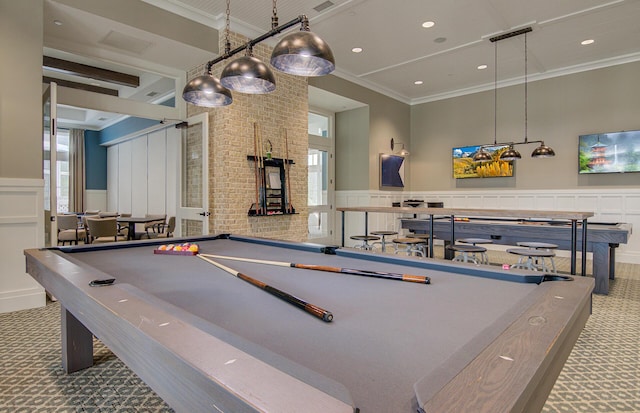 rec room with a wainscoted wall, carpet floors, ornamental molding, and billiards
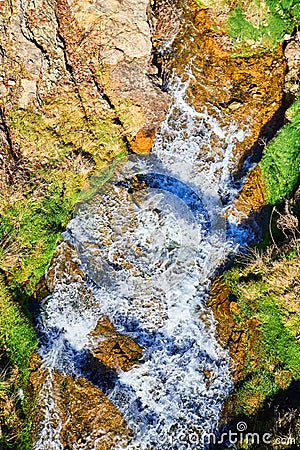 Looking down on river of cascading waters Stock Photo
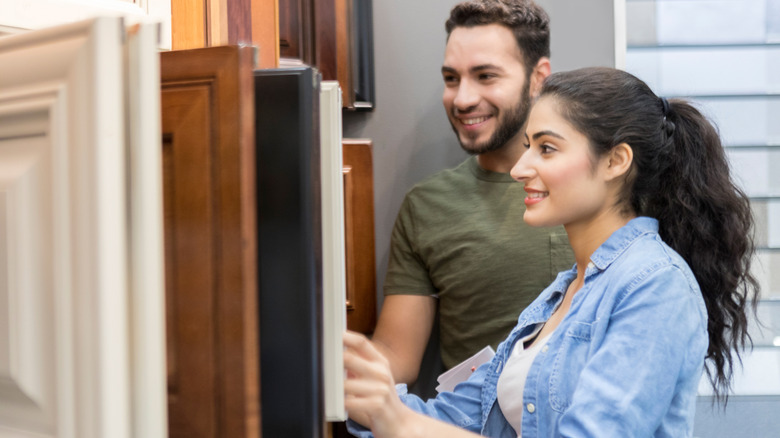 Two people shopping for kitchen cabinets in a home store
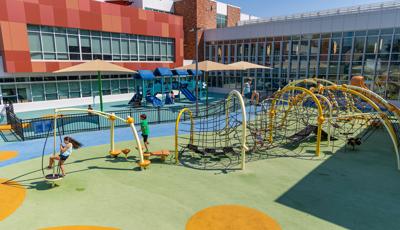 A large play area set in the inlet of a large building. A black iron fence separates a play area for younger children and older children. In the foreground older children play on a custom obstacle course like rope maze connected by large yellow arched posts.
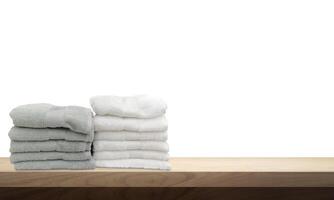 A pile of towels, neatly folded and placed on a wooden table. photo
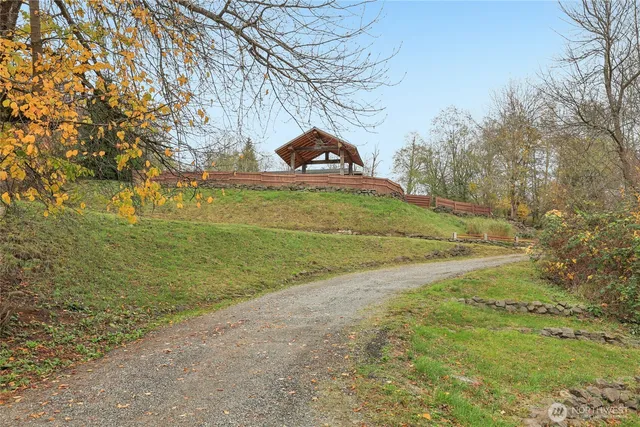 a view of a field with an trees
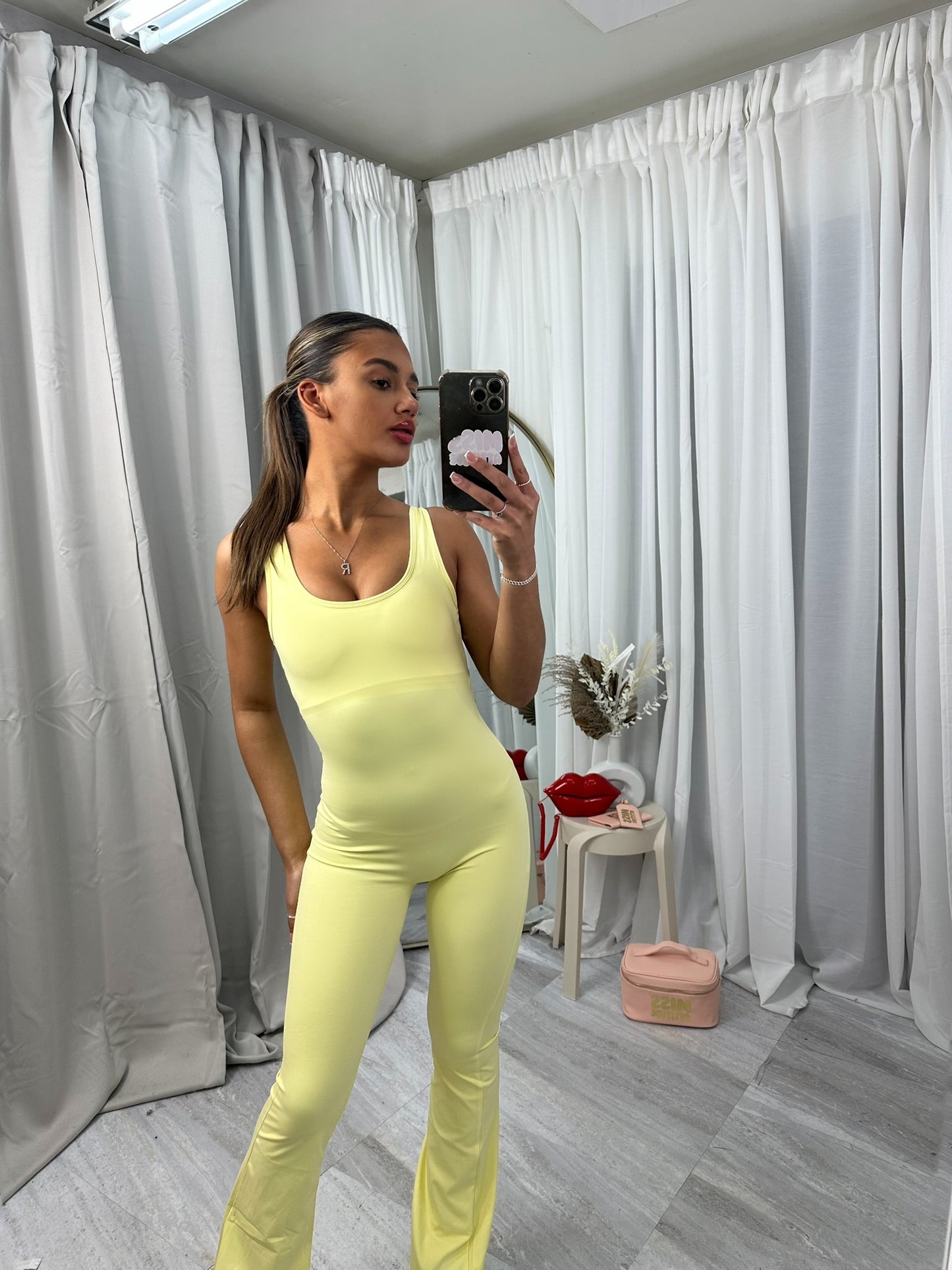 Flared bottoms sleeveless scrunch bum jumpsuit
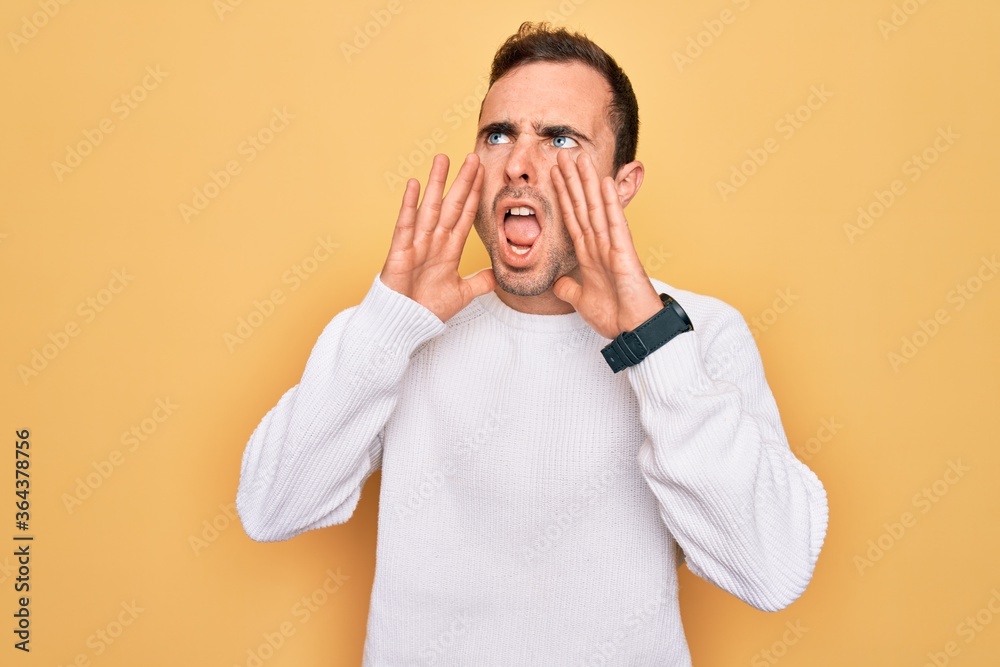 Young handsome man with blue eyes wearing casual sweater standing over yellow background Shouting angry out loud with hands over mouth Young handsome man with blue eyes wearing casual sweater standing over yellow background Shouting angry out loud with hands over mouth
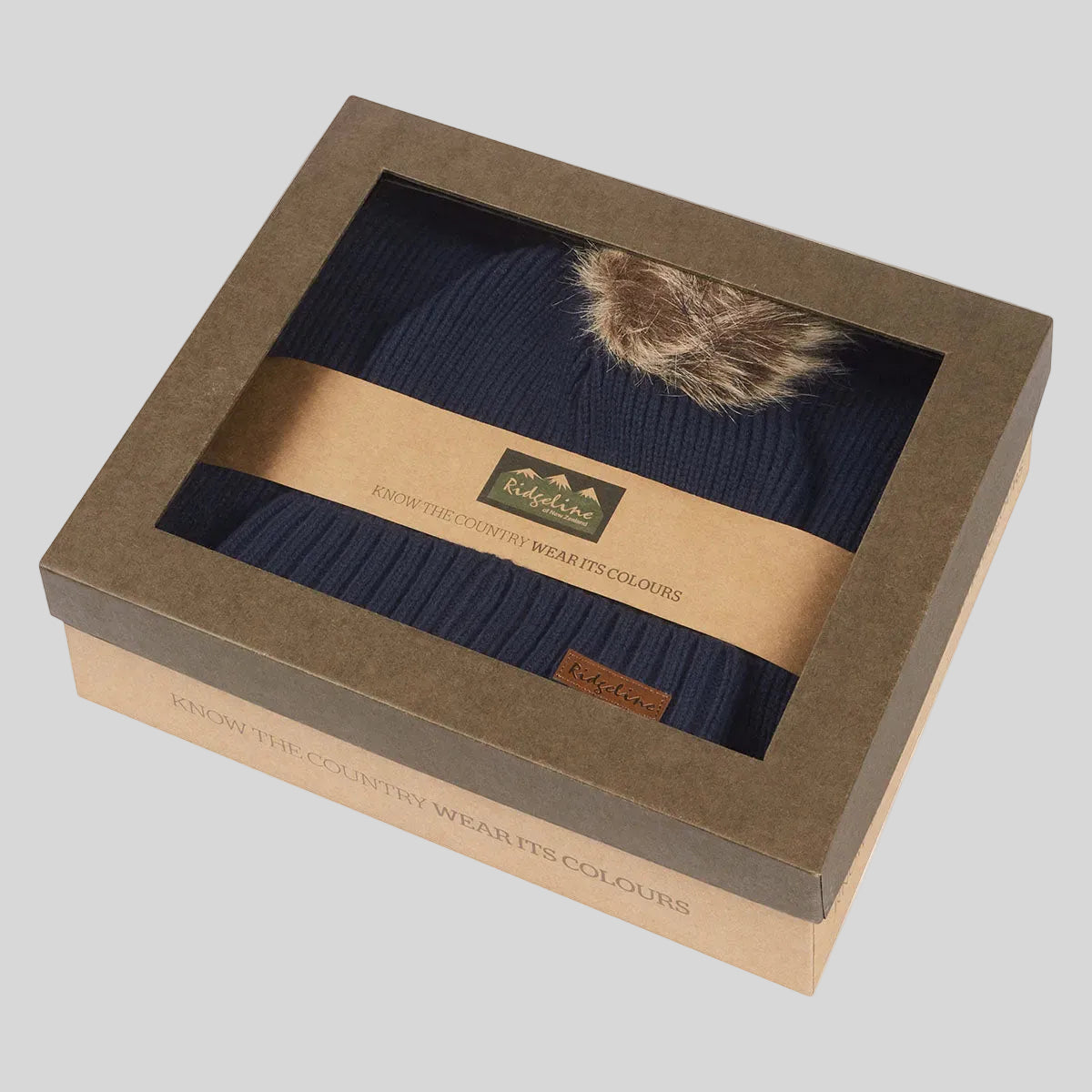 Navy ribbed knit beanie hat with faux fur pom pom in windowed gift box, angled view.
════════
Transcribe each entry exactly; images stay out.

(FINISHED TASK)
 rec room with a wainscoted wall, carpet floors, ornamental molding, and billiards
 Looking down on river of cascading waters Stock Photo
 Two people shopping for kitchen cabinets in a home store
 A large play area set in the inlet of a large building. A black iron fence separates a play area for younger children and older children. In the foreground older children play on a custom obstacle course like rope maze connected by large yellow arched posts.
 A pile of towels, neatly folded and placed on a wooden table. photo
 a view of a field with an trees
 Flared bottoms sleeveless scrunch bum jumpsuit
 Young handsome man with blue eyes wearing casual sweater standing over yellow background Shouting angry out loud with hands over mouth Young handsome man with blue eyes wearing casual sweater standing over yellow background Shouting angry out loud with hands over mouth
 Navy ribbed knit beanie hat with faux fur pom pom in windowed gift box, angled view.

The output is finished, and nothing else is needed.